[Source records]
== Segment start ==
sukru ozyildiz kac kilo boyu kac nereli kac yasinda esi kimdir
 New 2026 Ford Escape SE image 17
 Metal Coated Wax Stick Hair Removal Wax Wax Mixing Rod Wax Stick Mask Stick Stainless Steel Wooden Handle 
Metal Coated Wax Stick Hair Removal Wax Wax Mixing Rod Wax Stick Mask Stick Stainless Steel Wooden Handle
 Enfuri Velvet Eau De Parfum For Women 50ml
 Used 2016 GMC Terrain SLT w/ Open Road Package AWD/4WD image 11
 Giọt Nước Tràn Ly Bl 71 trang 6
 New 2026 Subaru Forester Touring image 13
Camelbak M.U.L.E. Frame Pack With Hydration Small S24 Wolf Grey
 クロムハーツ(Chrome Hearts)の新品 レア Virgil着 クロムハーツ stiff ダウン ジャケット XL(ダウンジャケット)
== Segment end ==
AIM OF THE TASK: Set down every entry exactly as it appears.

SOLUTION:
sukru ozyildiz kac kilo boyu kac nereli kac yasinda esi kimdir
 New 2026 Ford Escape SE image 17
 Metal Coated Wax Stick Hair Removal Wax Wax Mixing Rod Wax Stick Mask Stick Stainless Steel Wooden Handle 
Metal Coated Wax Stick Hair Removal Wax Wax Mixing Rod Wax Stick Mask Stick Stainless Steel Wooden Handle
 Enfuri Velvet Eau De Parfum For Women 50ml
 Used 2016 GMC Terrain SLT w/ Open Road Package AWD/4WD image 11
 Giọt Nước Tràn Ly Bl 71 trang 6
 New 2026 Subaru Forester Touring image 13
Camelbak M.U.L.E. Frame Pack With Hydration Small S24 Wolf Grey
 クロムハーツ(Chrome Hearts)の新品 レア Virgil着 クロムハーツ stiff ダウン ジャケット XL(ダウンジャケット)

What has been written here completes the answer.